Im Grunde ist das Recht sehr einfach: Niemand muss seine Unschuld beweisen, es muss immer die Schuld bewiesen werden. Ist das wirklich so? Im Strafrecht ist es fast ausnahmslos so. Lediglich im Passus über die üble Nachrede gibt es eine Formulierung, die als sogenannte Beweislastumkehr gedeutet werden könnte, doch selbst da sind sich die Experten nicht einig. Im Zivilrecht sieht es dagegen anders aus. Zum Beispiel bei der Arzthaftung ist es durchaus möglich, dass ein beklagter Arzt seine Unschuld beweisen muss, etwa, dass er keinen Kunstfehler begangen hat. Auch bei der Produkthaftung oder in Fällen, in denen es um eine fehlerhafte Beratung geht, kann es zur Beweislastumkehr kommen. In Fällen, in denen einer Partei die Beweislast nicht zugemutet werden kann, so der Bundesgerichtshof, kann die Beweislast umgekehrt werden. Konkret bedeutet das, wenn Laien sich von Experten geschädigt oder benachteiligt fühlen, können sie mit der Beweisführung überfordert sein. Dann muss der Beklagte beweisen, dass er mit seinem Expertenwissen den Geschädigten nicht übervorteilt. Doch wie sieht es mit der Beweislastumkehr im Hinweisgeber-Schutzgesetz (HinSchG) aus? DOKTUS hat sich das einmal etwas genauer angeschaut.

Wann greift die Beweislastumkehr im Hinweisgeberschutzgesetz?

Im Hinweisgeberschutzgesetz ist ebenfalls eine Beweislastumkehr verankert. Hier liegt der Fall allerdings ein wenig anders. Ein Whistleblower oder Hinweisgeber, der auf einen Missstand in seinem Unternehmen aufmerksam machen will, begibt sich oft auf dünnes Eis. Wenn ruchbar wird, dass der Hinweis von ihm kommt, muss er im Betrieb mit Sanktionen rechnen. Genau diese Angst verhindert häufig, dass mögliche Hinweisgeber ihr Wissen preisgeben. So bleiben viele illegale Machenschaften unentdeckt. Das Hinweisgeberschutzgesetz soll Whistleblowern diese Angst nehmen. Der Hinweisgeber muss sich jetzt nicht mehr vor Sanktionen des Arbeitgebers fürchten. Sollte der nämlich im Laufe eines Compliance-Verfahrens, das auf den Hinweisgeber zurückzuführen ist, Repressalien erleiden, dann schützt ihn das Gesetz genau davor. Wer also explizit wegen eines Hinweises entlassen oder abgemahnt wird, wer innerhalb des Betriebs versetzt wird, wem der Lohn gekürzt oder der Urlaub gestrichen wird, kann dagegen klagen. Es ist nun am Arbeitgeber zu beweisen, dass diese Maßnahmen nichts mit den Hinweisen zu tun haben, die zu dem Verfahren führten.
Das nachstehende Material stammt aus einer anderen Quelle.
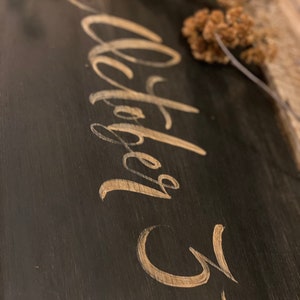 May include: A dark wooden sign with the words "October 31" in elegant gold script. The sign has a rustic, distressed appearance, with visible wood grain. Dried flowers are arranged at the top, adding a natural touch to the design.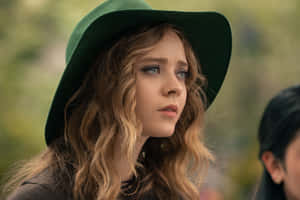 Womanin Green Hat Pensive Look Wallpaper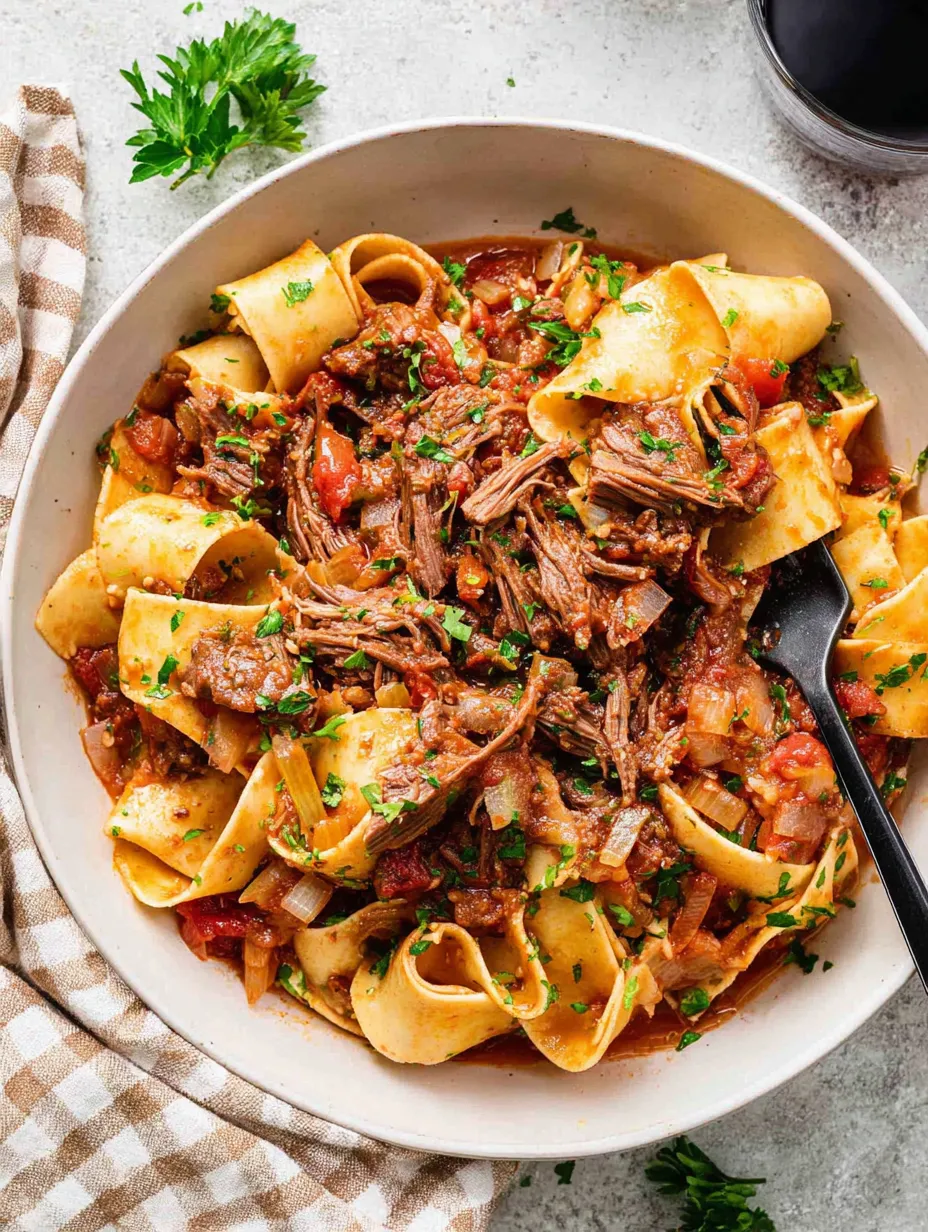 A bowl of pasta with meat and vegetables.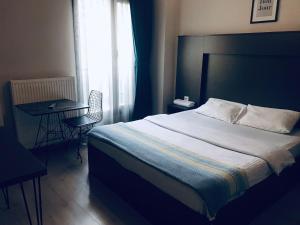 um quarto com uma cama, uma mesa e uma janela em OTTO LOFT Premium Apartments em Ancara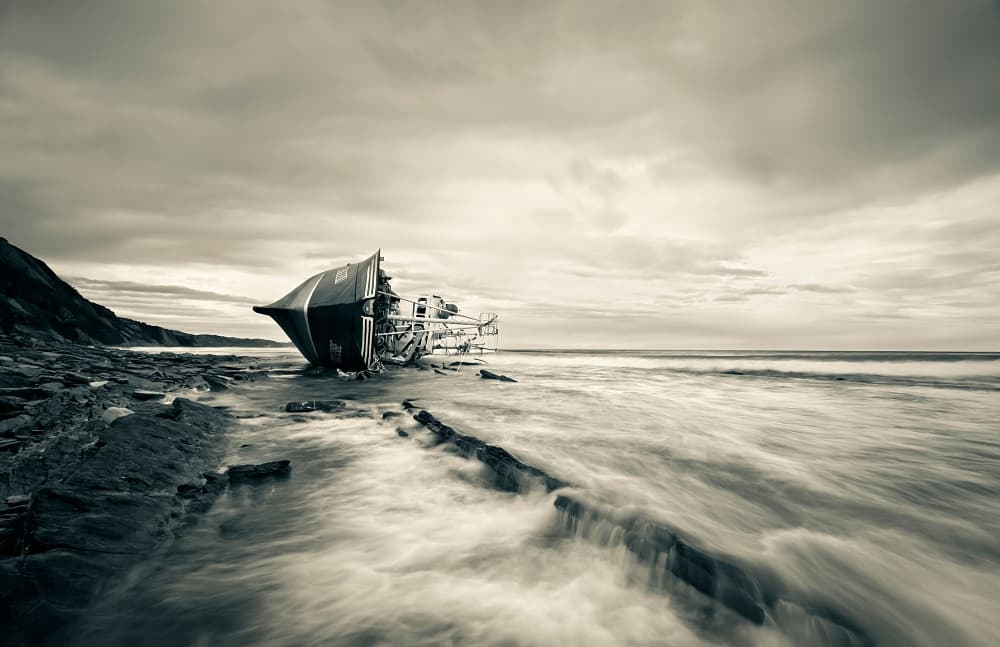 Beached Shipwreck Waves by Iñigo Barandiaran — canvas wall art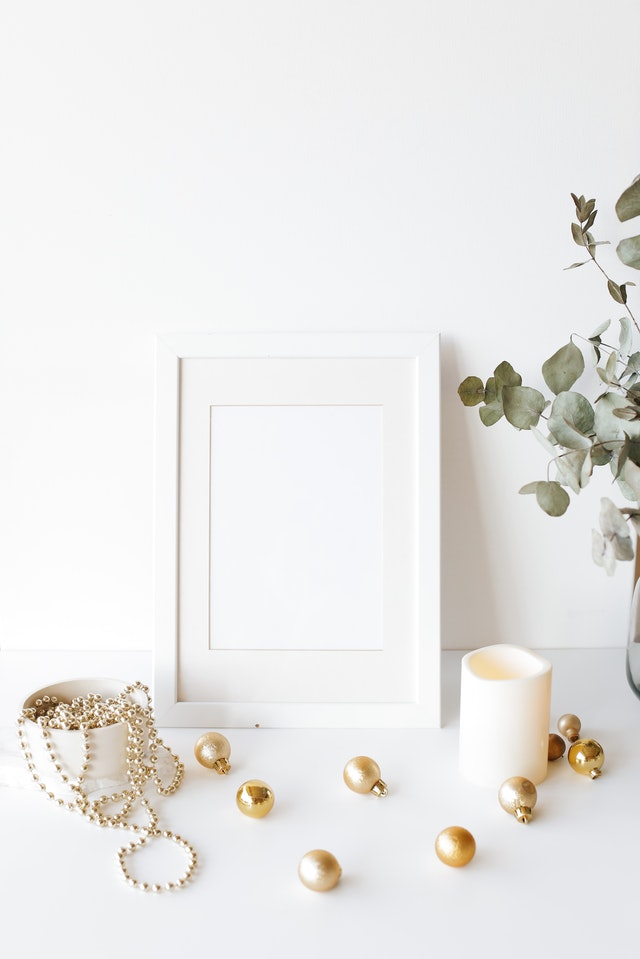 Golden Christmas ornaments against a white backdrop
Kann durch die Beweislastumkehr das Hinweisgeberschutzgesetz missbraucht werden?

Kritiker der Beweislastumkehr im Hinweisgeberschutzgesetz sehen allerdings eine Gefahr. Mitarbeitende, die sich beispielsweise auf Grund mangelnder Leistung von der Kündigung bedroht sehen, könnten ein Compliance-Verfahren anstrengen und sich dadurch eine Art speziellen Kündigungsschutz verschaffen. Obwohl die Gefahr zunächst nicht von der Hand zu weisen ist, birgt sie doch für den Hinweisgeber ein enormes Risiko. Der Gesetzgeber ist nur an „Handfestem“ interessiert. Gerüchte oder Klatsch alleine führen noch nicht zu einem Compliance-Verfahren. Vorsätzlich oder auch nur fahrlässig gemachte falsche Angaben können den Hinweisgeber richtig teuer zu stehen kommen. Er muss dann für den Schaden aufkommen und verliert seinen Anspruch auf Schutz durch das Hinweisgeber-Schutzgesetz.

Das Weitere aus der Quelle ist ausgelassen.